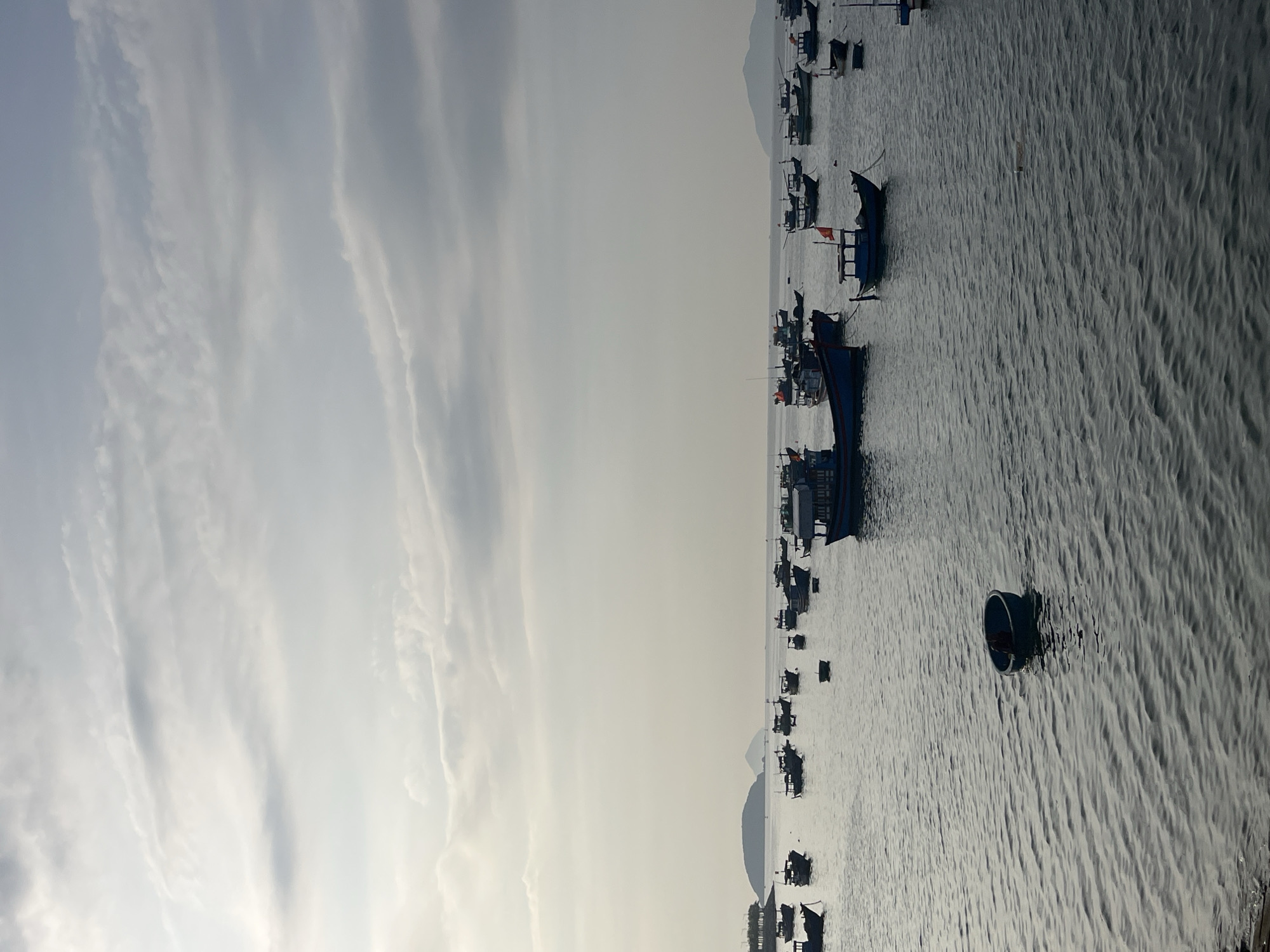 The image depicts a marine scene in Nha Trang Ward, Vietnam, with numerous small boats and ships scattered across the water. The sky is overcast with high-altitude clouds. Several fishing boats of different sizes are visible, some with small red flags. The water has a textured surface, indicating slight waves. A distinct round boat is centrally positioned. In the distance, there is a faint outline of land or islands. No people are clearly visible in the image.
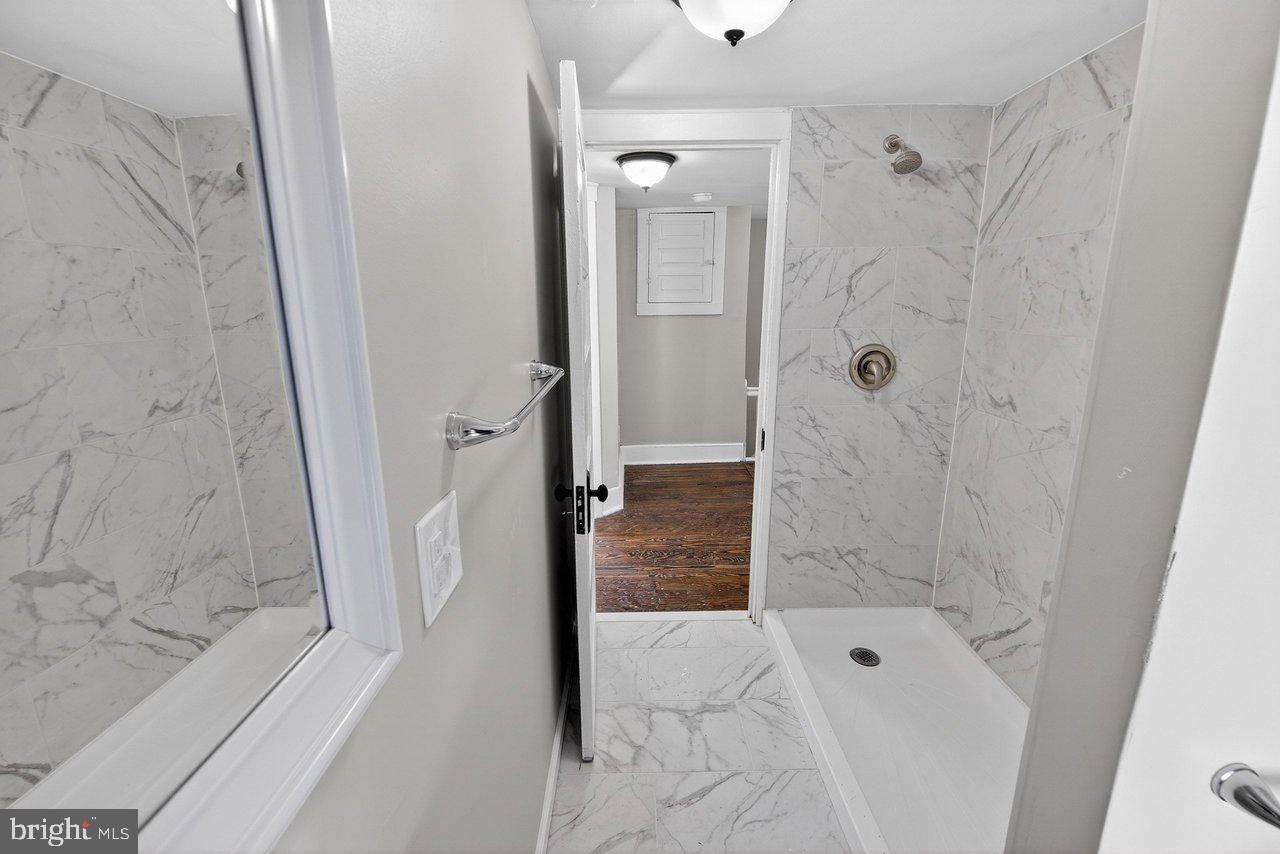 26 Olive Street Salem, NJ 08079 - Photo 12 of 33 a bathroom with a shower and a tub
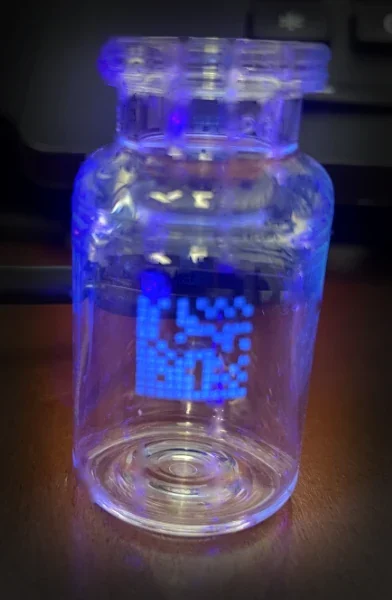 A vial with a printed data-matrix code glowing under UV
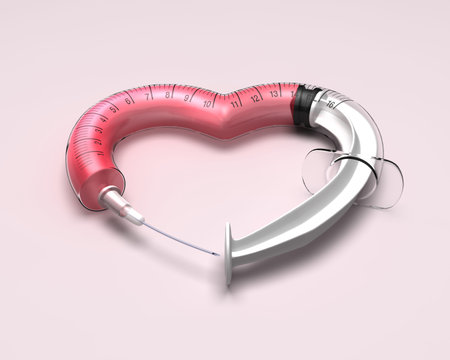 Syringe in the shape of heartの写真素材
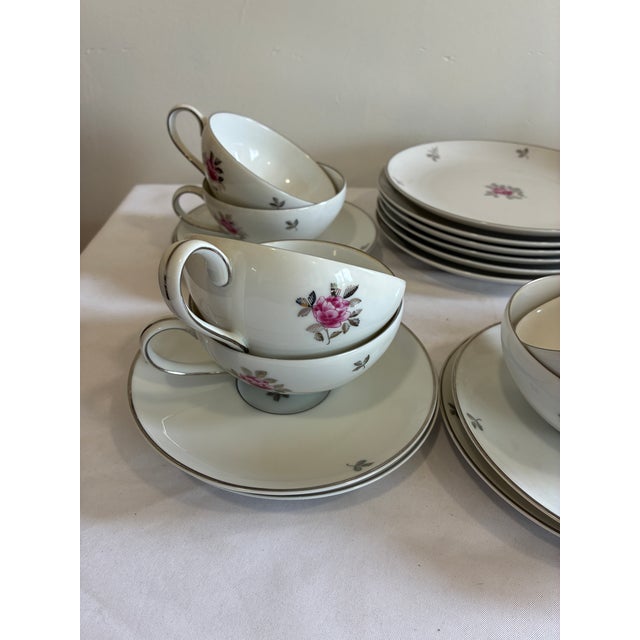 Elegant vintage Fukagawa Arita porcelain tea set from Japan featuring a delicate pink rose motif with silver trim. This...
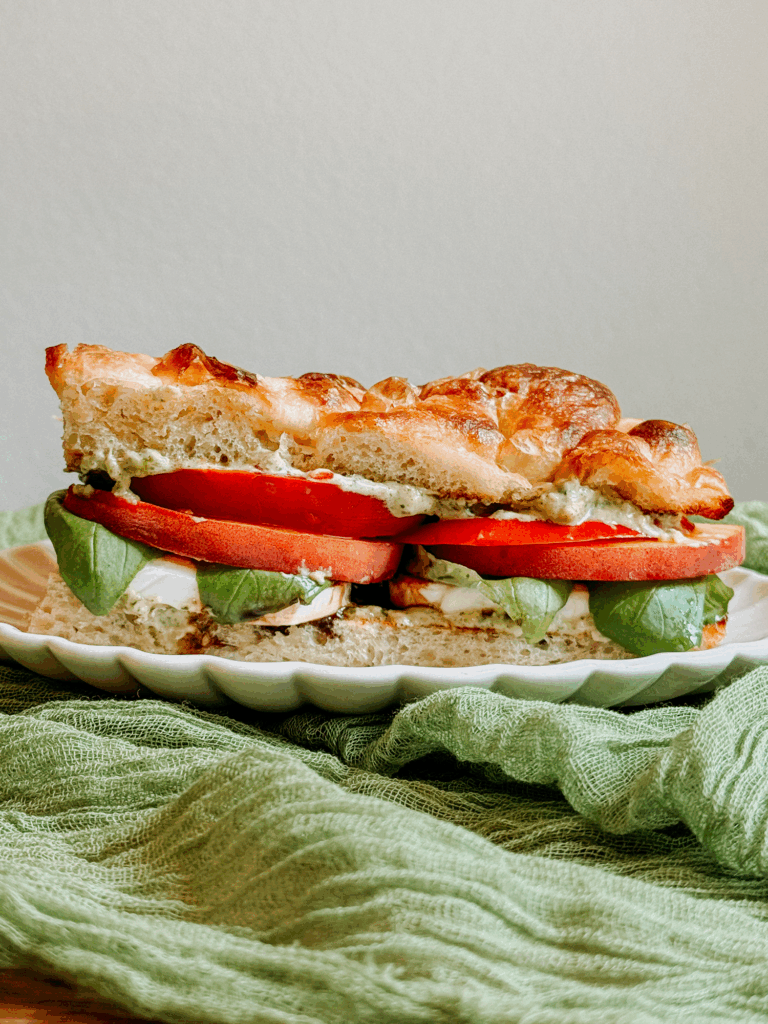 Side view of a peach caprese sandwich layered with fresh tomato, basil, mozzarella, and pesto mayo on toasted focaccia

EXERCISE DIRECTIONS
All of the records above should be reproduced exactly, with the pictures left out.

ANSWER SPACE
 The image depicts a marine scene in Nha Trang Ward, Vietnam, with numerous small boats and ships scattered across the water. The sky is overcast with high-altitude clouds. Several fishing boats of different sizes are visible, some with small red flags. The water has a textured surface, indicating slight waves. A distinct round boat is centrally positioned. In the distance, there is a faint outline of land or islands. No people are clearly visible in the image.
 26 Olive Street Salem, NJ 08079 - Photo 12 of 33 a bathroom with a shower and a tub
 A vial with a printed data-matrix code glowing under UV
 Syringe in the shape of heartの写真素材
 Elegant vintage Fukagawa Arita porcelain tea set from Japan featuring a delicate pink rose motif with silver trim. This...
 Side view of a peach caprese sandwich layered with fresh tomato, basil, mozzarella, and pesto mayo on toasted focaccia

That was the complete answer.